Key Advantages of the System
- High Efficiency: The hardware accelerator processes MNIST digit recognition tasks with significantly reduced latency compared to software-only implementations.
- Portability: The compact design of the Arty Z7 makes this solution highly portable, and suitable for both educational and industrial applications.
- Ease of Use: The integration of Jupyter Notebooks provides a user-friendly interface for developers and non-technical users alike.
HW Setup
Flow to capture the image and feed it into the CNN HW Accelerator
Converting the image into feedable form for the CNN HW Accelerator
Final Result
Pre-processing improves the accuracy of detection
Innovation for the Challenge
While many participants rely on pre-existing hardware accelerators and the Xilinx Deep Processing Unit (DPU), this project takes a different approach by building a custom CNN hardware accelerator from scratch. This deliberate design choice provides a transparent view into how the internals of machine learning (ML) accelerators function, giving developers and learners deeper insight into the underlying principles of AI hardware.

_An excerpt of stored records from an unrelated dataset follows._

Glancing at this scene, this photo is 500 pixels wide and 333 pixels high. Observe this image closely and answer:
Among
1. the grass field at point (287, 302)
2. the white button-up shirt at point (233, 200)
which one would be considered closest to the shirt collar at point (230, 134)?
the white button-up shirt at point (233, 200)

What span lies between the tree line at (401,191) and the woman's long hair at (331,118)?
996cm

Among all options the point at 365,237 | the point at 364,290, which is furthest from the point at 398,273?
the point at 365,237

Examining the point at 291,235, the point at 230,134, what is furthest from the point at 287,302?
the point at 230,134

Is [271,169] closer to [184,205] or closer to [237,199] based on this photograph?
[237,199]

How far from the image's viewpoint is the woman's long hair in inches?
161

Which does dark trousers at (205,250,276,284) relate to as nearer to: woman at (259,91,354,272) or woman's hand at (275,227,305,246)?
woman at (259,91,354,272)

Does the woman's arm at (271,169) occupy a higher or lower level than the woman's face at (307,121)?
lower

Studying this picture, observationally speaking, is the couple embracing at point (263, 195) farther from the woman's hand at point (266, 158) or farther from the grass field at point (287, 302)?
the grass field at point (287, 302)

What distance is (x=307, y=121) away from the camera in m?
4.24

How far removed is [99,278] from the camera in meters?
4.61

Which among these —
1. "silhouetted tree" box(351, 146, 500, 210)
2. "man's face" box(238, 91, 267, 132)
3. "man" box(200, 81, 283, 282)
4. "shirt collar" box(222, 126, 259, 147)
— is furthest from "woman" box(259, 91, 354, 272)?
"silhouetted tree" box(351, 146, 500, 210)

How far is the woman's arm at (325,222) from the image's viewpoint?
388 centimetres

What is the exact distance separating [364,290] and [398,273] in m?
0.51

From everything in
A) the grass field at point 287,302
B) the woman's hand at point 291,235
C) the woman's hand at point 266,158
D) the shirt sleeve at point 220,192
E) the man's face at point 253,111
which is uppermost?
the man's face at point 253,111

By creating the accelerator from the ground up, this project showcases:
- Core Building Blocks of ML Hardware: From convolution and activation functions to pooling and fully connected layers, each component of the CNN is meticulously implemented in the FPGA fabric. This approach not only enhances efficiency but also demystifies the operations that drive neural networks in hardware.

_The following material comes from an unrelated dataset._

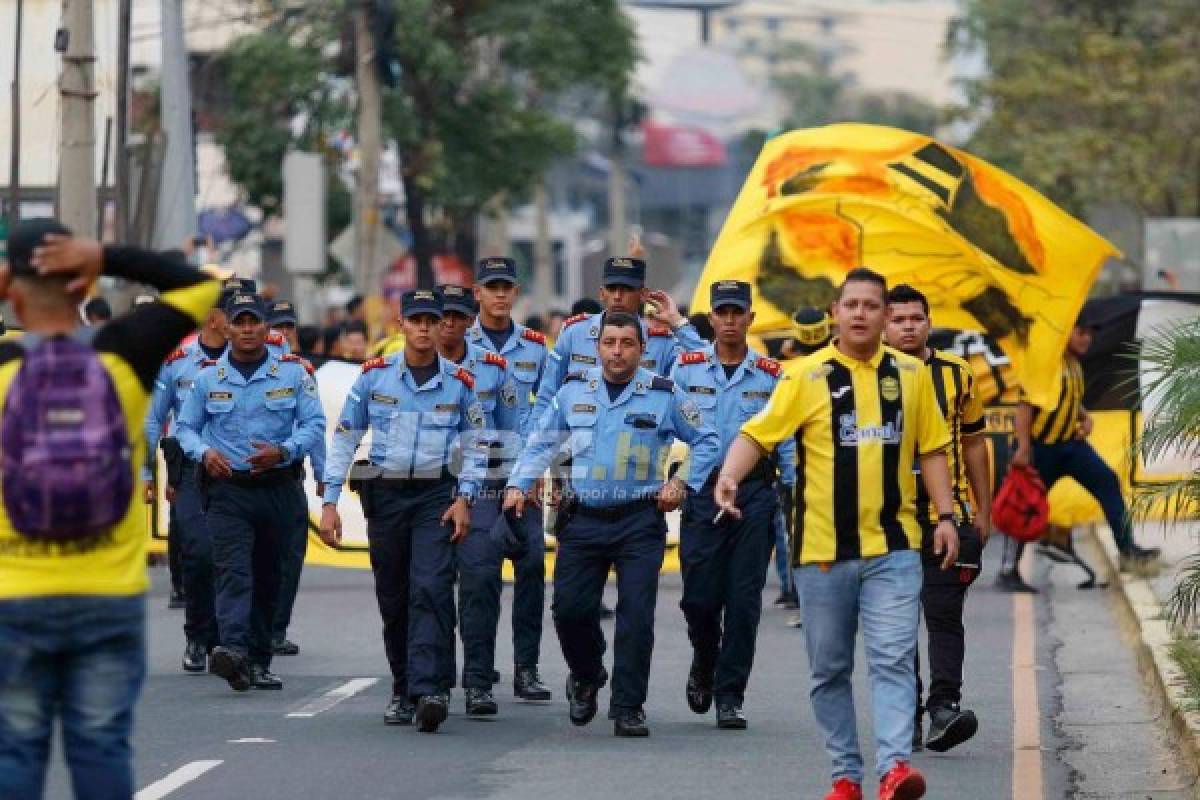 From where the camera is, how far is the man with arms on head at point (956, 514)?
11.3 meters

- Fine-Grained Optimization: Unlike generic accelerators, this custom implementation is tailored specifically for the MNIST dataset, leveraging optimizations such as reduced fixed-point data representation and efficient memory utilization to minimize hardware resource usage while maintaining accuracy.
- Educational Value: By exposing the internal workings of the CNN accelerator, this project serves as an excellent learning tool for understanding the trade-offs and design considerations involved in hardware-based AI systems.
This custom approach demonstrates a mastery of hardware design principles and highlights the effort to go beyond black-box solutions. It not only meets the challenge requirements but also inspires others by illustrating how ML accelerators work at a fundamental level. This sets the project apart as a standout contribution to the Element14 Eye on Intelligence Challenge, showcasing innovation, skill, and a commitment to advancing knowledge in the field of AI and embedded systems.
I thank the Element14 community for giving me this opportunity!